Even more important is that the gun should NOT be shouldered until the flush is made and a clear/safe shot can be taken. I lost a dog to a low shot, so to me, safety is the most important element in a successful hunt. A safe hunt is a great hunt, regardless of the birds in the bag.
sorry for your loss – many hunters question the rigor of steady through wing and shot – this is why – I hunt with an old single-shot, bolt-action 20 ga., never load a shell till my dog is steady on point and I’m moving ahead to make the flush – he’s trained steady through fall and release to retrieve – I can take low shots as he never breaks to chase on flush and is always steady at stop to flush, which I only ever blank with a training pistol, provided it’s hones (he didn’t make game) – if he bumps the bird, I just show him my back and walk away
Mean thing to say about setters. Mine certainly holds point until I get there, sometimes it takes me a little bit to find her in the thick grouse woods.
Otherwise as a long time bird dog owner who had a dog get hit by a truck because my hunting partner didn’t follow the basic rules.. your article rings true.
Having had pointers, flushes and hounds and having introduced many newbies to hunting over my dogs, I made it a practice to take charge from the beginning. New hunter stays next to me and does not fire at bird until I give the ok. New hunters have no idea about which questions to ask. With me they dont need to ask. I will direct every facet of the hunt.
Suggestion for related article… Etiquette for multi-dog hunts.
Thats a great idea.
Also …. Never ask to borrow someone’s bird dog …. if they offer on their own free will to lend you their dog, ask what the commands are and how to handle/treat the dog.

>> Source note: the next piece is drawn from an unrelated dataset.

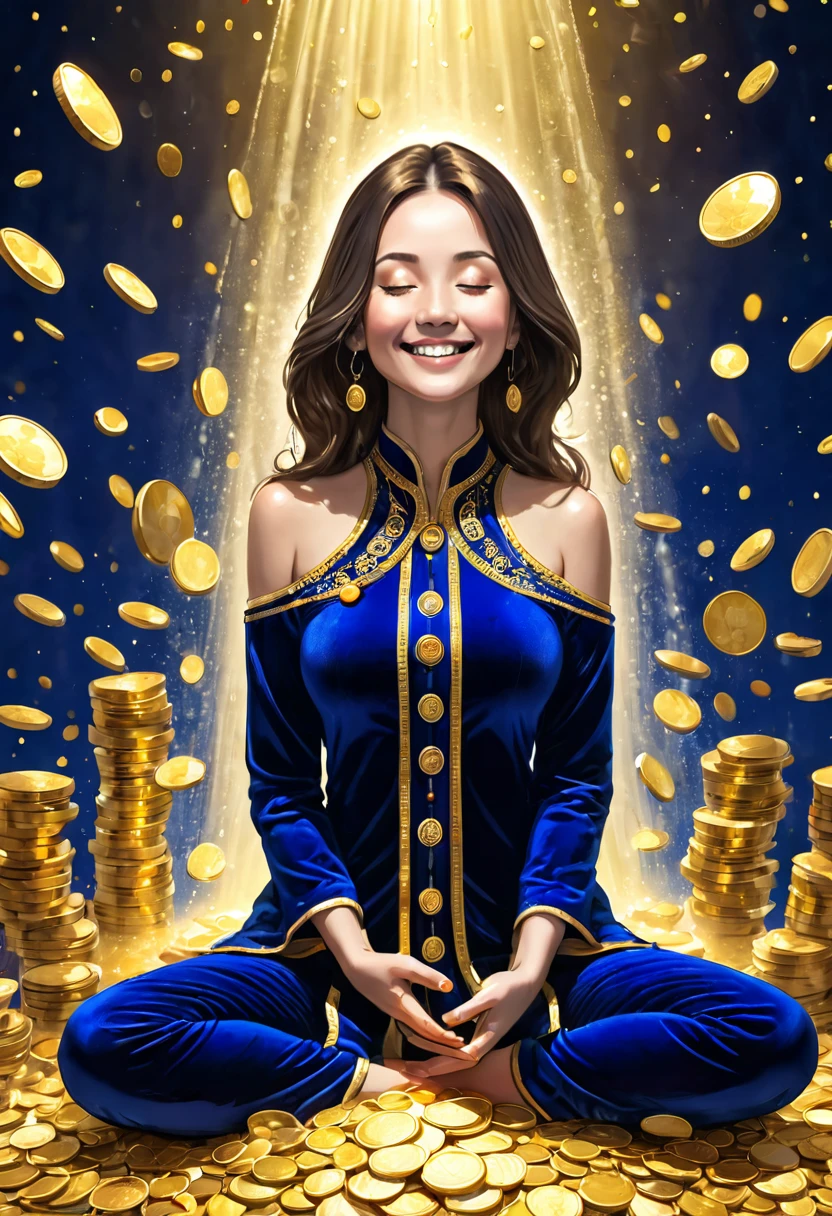 Beautiful woman meditating, smiling, wearing royal blue velvet clothes, shower of gold light, coins falling, stacked gold bullion, banknotes and coins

Well – I suppose that they could always ask – but they ain’t gonna get the dog unless I’m there to handle it!
You got that right!!!
Id love to be a writer and have the gift of taking the common place; in this case common sense and courtesy; and to examine it and turn it over and to reorganize, synthesize and articulate the common in an informative article that rings true such as the above .

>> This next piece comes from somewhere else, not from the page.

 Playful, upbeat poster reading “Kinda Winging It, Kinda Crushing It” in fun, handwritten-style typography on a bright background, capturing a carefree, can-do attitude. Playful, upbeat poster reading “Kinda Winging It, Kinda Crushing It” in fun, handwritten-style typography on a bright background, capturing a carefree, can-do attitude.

I have hunted over many stupid , unruley , noseless, uncontrolled [incontrollable] dogs and did so mutely and politely.
Even with an unruly dog hunting birds on the wing is an enjoyable pursuit. The dog is a partner and just like you wouldn’t kick a human partner or scream at them for missing a bird; dogs no different. “….. When I go down to the town….They gotta quit kickin my dog around”
Robert Ruark said:
“If I know anything of decency at all, I learned it with my grandparents and with my father in the woods, behind a bird dog, with a shotgun in my hand.”
Note only did I learn decency, but my formative years were spent with grandfather, father and uncles hunting over good bird dogs; learning all the right things to do. I took a detour in life, spent decades pursuing whitetails, but at fifty decided I needed a bird dog again. When my friends smirked and asked “what do you know about training a bird dog?” when I got a new pup at 8 weeks, I just smiled to myself instead of responding.
Excellent, excellent reminders. All should be adhered to diligently. I think it is especially important to emphasize the
“no ground swatting” rule. My hunting partner had way too many ‘close calls’ with his dog while guiding for novices
and rookies in spite of making sure they understood “no ground shots’. Rookie excitement, adrenaline, stupidity,
whatever. It’s just dangerous.
Now I know why I hunt alone…..
Excellent article. One of the scariest moments ever was when a wounded rooster was flopping around and my GSP was rushing in to get it when one of the other hunters raised his gun and was gonna shoot. Everybody else started screaming at him for this. My friend wouldn’t even go back to the ranch after for a beer he was so mad at that guy. Afraid of what he might say.
Great information, especially with a new season coming up. Another point to touch apon is hunting public land and missed followup shots. I have hunted public land and have seen parties shooting at other peoples flushed birds.